_Assigned task_
The response must consist of each line in the listing that has the word "with" in it.

_Data block_

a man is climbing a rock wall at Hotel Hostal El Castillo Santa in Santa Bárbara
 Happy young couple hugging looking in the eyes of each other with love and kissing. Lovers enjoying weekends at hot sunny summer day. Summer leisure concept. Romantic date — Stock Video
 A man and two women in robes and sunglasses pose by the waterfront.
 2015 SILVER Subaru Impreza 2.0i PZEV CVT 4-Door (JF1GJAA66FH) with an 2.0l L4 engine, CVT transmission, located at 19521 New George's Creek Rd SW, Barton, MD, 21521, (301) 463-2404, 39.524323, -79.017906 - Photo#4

_Task solution_
 Happy young couple hugging looking in the eyes of each other with love and kissing. Lovers enjoying weekends at hot sunny summer day. Summer leisure concept. Romantic date — Stock Video
 2015 SILVER Subaru Impreza 2.0i PZEV CVT 4-Door (JF1GJAA66FH) with an 2.0l L4 engine, CVT transmission, located at 19521 New George's Creek Rd SW, Barton, MD, 21521, (301) 463-2404, 39.524323, -79.017906 - Photo#4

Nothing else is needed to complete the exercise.